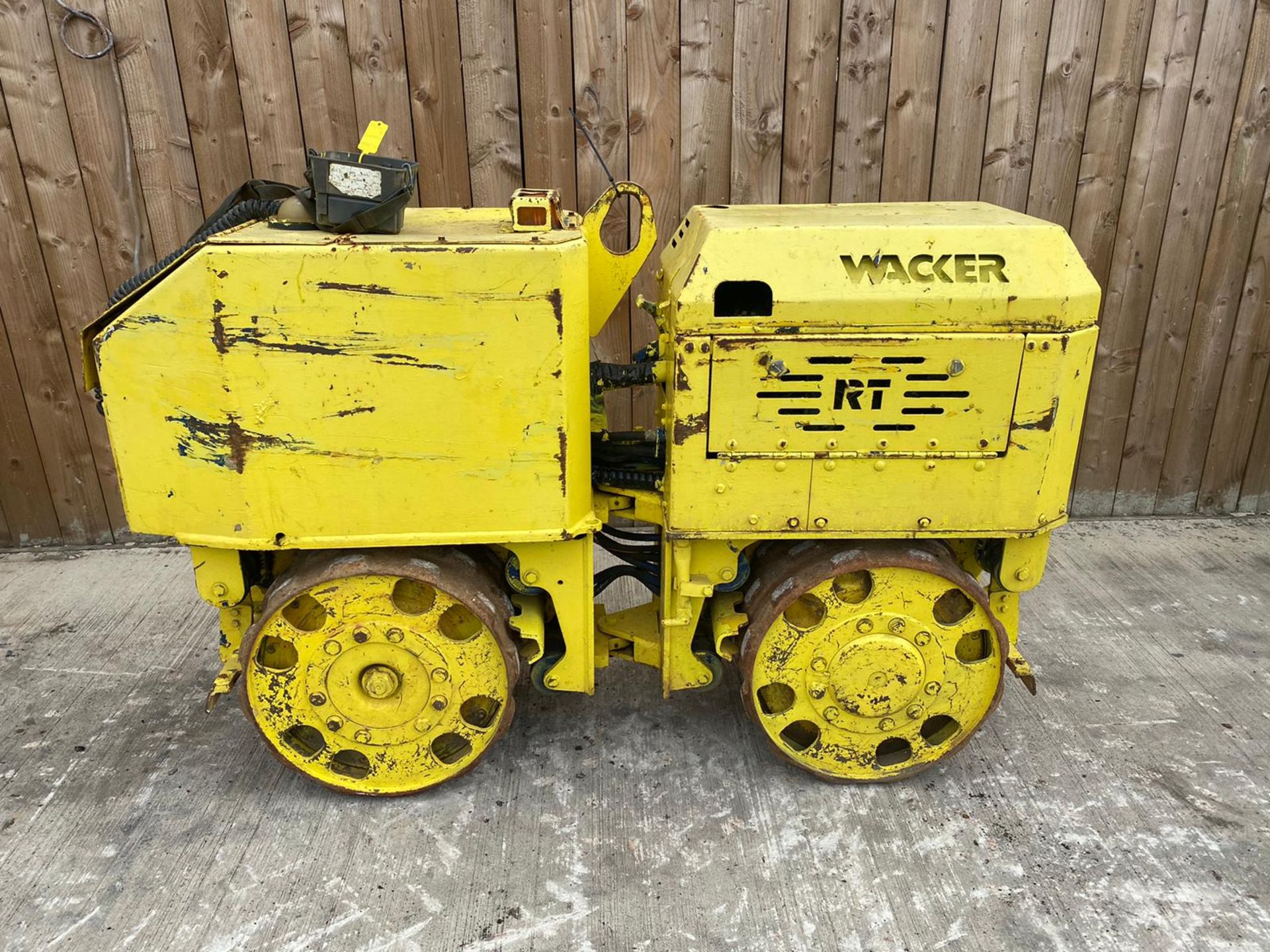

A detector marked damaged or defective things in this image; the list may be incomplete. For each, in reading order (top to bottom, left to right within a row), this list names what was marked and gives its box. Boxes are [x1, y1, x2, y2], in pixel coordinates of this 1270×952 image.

rust patch [316, 279, 394, 294]
rust patch [546, 286, 561, 340]
rust patch [670, 411, 711, 446]
rust patch [1011, 396, 1062, 434]
chipped yellow paint [242, 573, 510, 797]
chipped yellow paint [741, 566, 1000, 781]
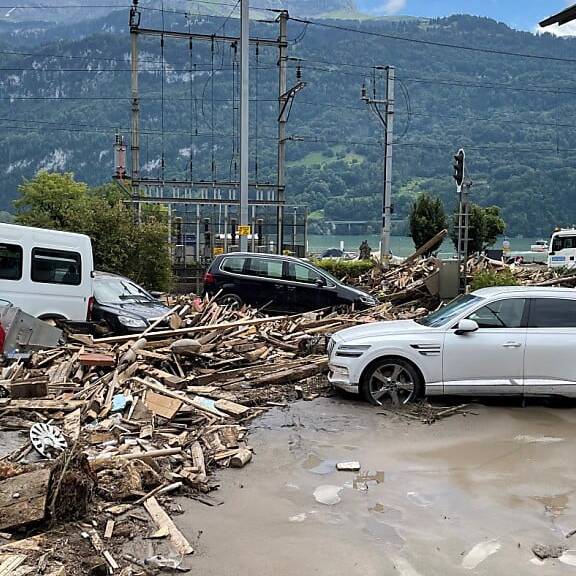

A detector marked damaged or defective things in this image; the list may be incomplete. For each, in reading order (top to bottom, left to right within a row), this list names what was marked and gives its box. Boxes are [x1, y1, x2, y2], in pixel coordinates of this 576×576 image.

damaged vehicle [90, 272, 171, 336]
damaged vehicle [328, 288, 576, 404]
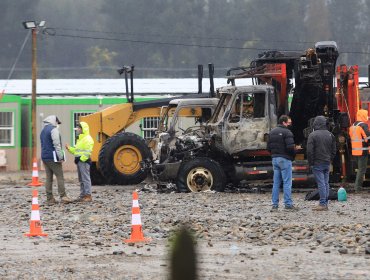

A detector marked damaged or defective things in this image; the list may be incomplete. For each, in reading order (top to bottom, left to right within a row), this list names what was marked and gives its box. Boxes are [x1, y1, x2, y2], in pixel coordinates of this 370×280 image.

burned truck [150, 41, 358, 192]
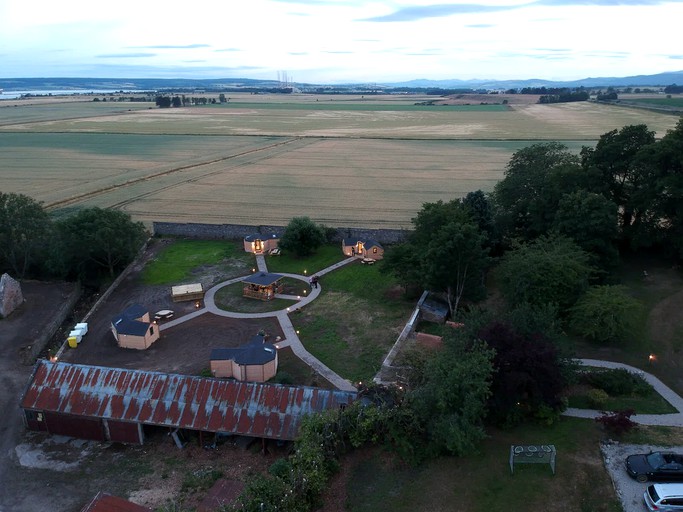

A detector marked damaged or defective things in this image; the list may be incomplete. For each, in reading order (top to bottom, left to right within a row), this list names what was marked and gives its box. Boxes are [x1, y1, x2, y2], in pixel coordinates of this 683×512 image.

rusty corrugated roof [21, 360, 358, 440]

# # #

Output only the lines that run from the line containing "this 370×280 image." to the last line of the data, exactly as they stand and without pictures.

_EXPECTED OUTPUT_:
A detector marked damaged or defective things in this image; the list may be incomplete. For each, in reading order (top to bottom, left to right within a row), this list names what was marked and gives its box. Boxes are [x1, y1, x2, y2], in pixel coordinates of this 370×280 image.

burned truck [150, 41, 358, 192]

A detector marked damaged or defective things in this image; the list may be incomplete. For each, in reading order (top to bottom, left to right within a row), this list names what was marked and gives its box. Boxes are [x1, y1, x2, y2], in pixel coordinates of this 683×512 image.

rusty corrugated roof [21, 360, 358, 440]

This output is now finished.